= Jacques Schuhmacher =

Provenance Researcher

Jacques Schuhmacher is a museum provenance researcher. He has been executive director of provenance research at the Art Institute of Chicago since 2024. He previously worked at the Victoria and Albert Museum (V&A). His research concerns the ownership histories of museum objects, including works affected by Nazi-era persecution and looting.

== Career ==
In 2018, Schuhmacher joined the V&A as provenance curator for the Rosalinde and Arthur Gilbert Collection. His task was to research gaps in the ownership histories of the objects and to establish whether any had belonged to Jewish collectors who had been dispossessed during the Nazi period. According to The Sunday Telegraph, he was the first museum curator in the UK dedicated specifically to provenance research.

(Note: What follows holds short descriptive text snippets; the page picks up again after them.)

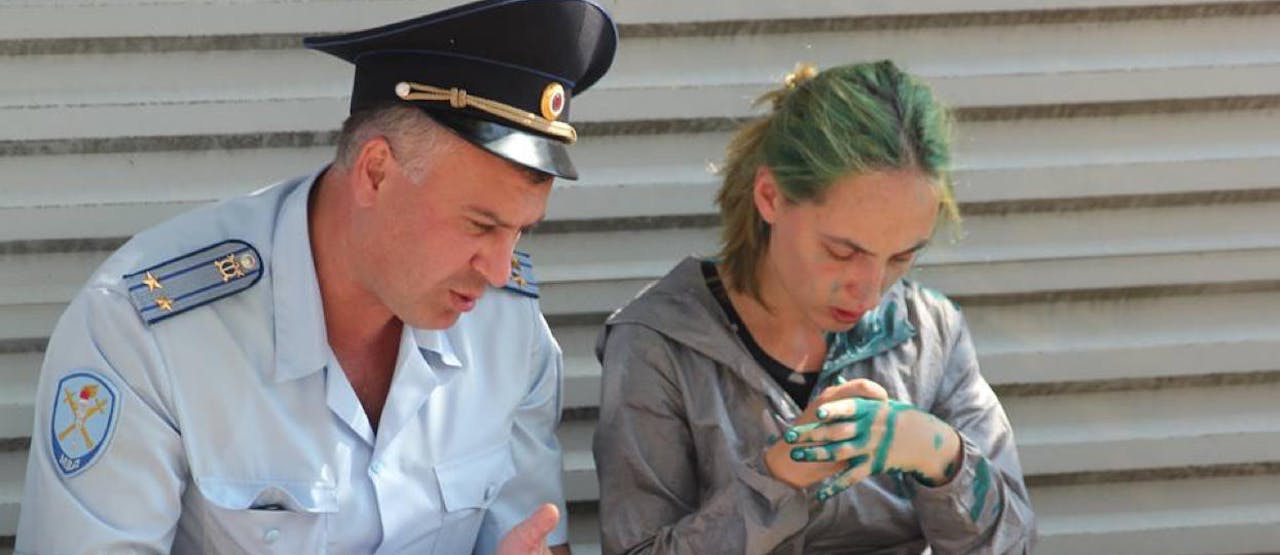 Elena Kostyuchenko besmeurt met groene verf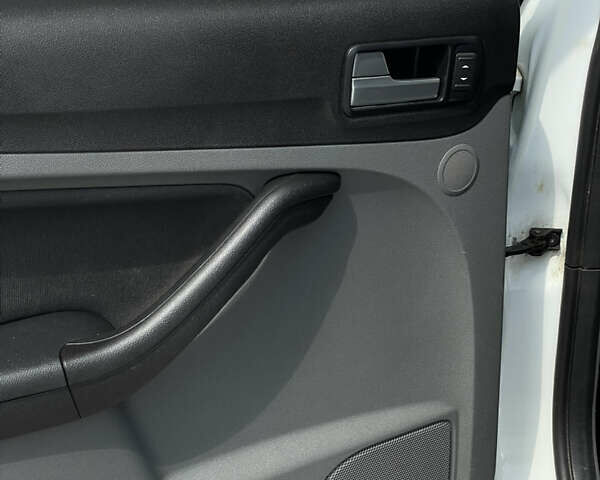 Белый Форд Фокус, объемом двигателя 2 л и пробегом 250 тыс. км за 6500 $, фото 9 на Automoto.ua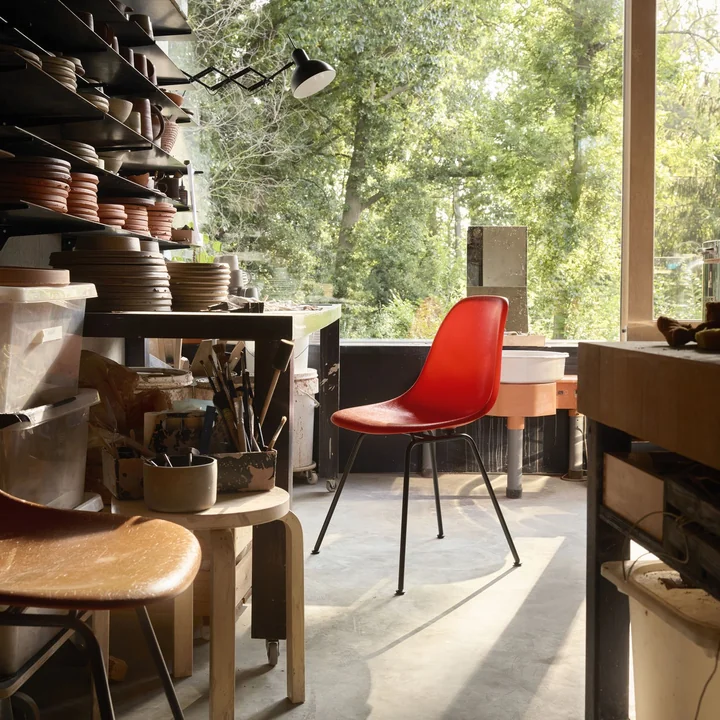Vitra - Eames Fiberglass Side Chair DSX, basic dark / Eames elephant hide grey (Filzgleiter basic dark)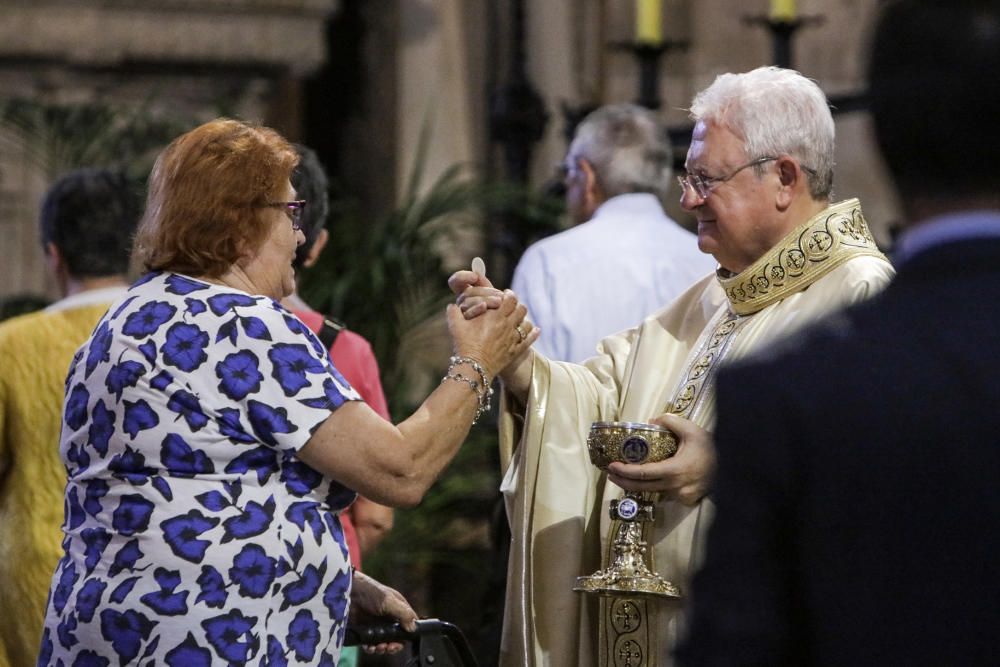 Salinas se despide de Mallorca con una misa en la catedral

He co-curated Concealed Histories: Uncovering the Story of Nazi Looting, which opened in 2019. The exhibition examined the histories of objects that had belonged to Jewish collectors persecuted under the Nazi regime.

Schuhmacher also investigated the provenance of an Anatolian gold ewer dating from the third millennium BCE. His research linked the object's ownership history to dealers associated with the illicit antiquities trade. The Gilbert Trust for the Arts returned the ewer to Turkey in 2021.

In 2024, he joined the Art Institute of Chicago as executive director of provenance research. He leads the museum's provenance research across the entire collection. In 2025, he was involved in the return to Nepal of a 12th-century sculpture depicting the Buddha sheltered by the serpent king Muchalinda, after provenance research found that it had been stolen from the Kathmandu Valley.

== Publications ==
With Jonathan Waterlow, Schuhmacher co-edited War Crimes Trials and Investigations: A Multi-Disciplinary Introduction (Palgrave Macmillan, 2018), which examines how different disciplines approach the study of war crimes prosecutions, including forensic anthropology, law, international relations and moral philosophy.

Schuhmacher's Nazi-Era Provenance of Museum Collections: A Research Guide (UCL Press, 2024) examines the history of Nazi persecution and dispossession, and the methods and resources used to investigate the ownership histories of objects in museum collections.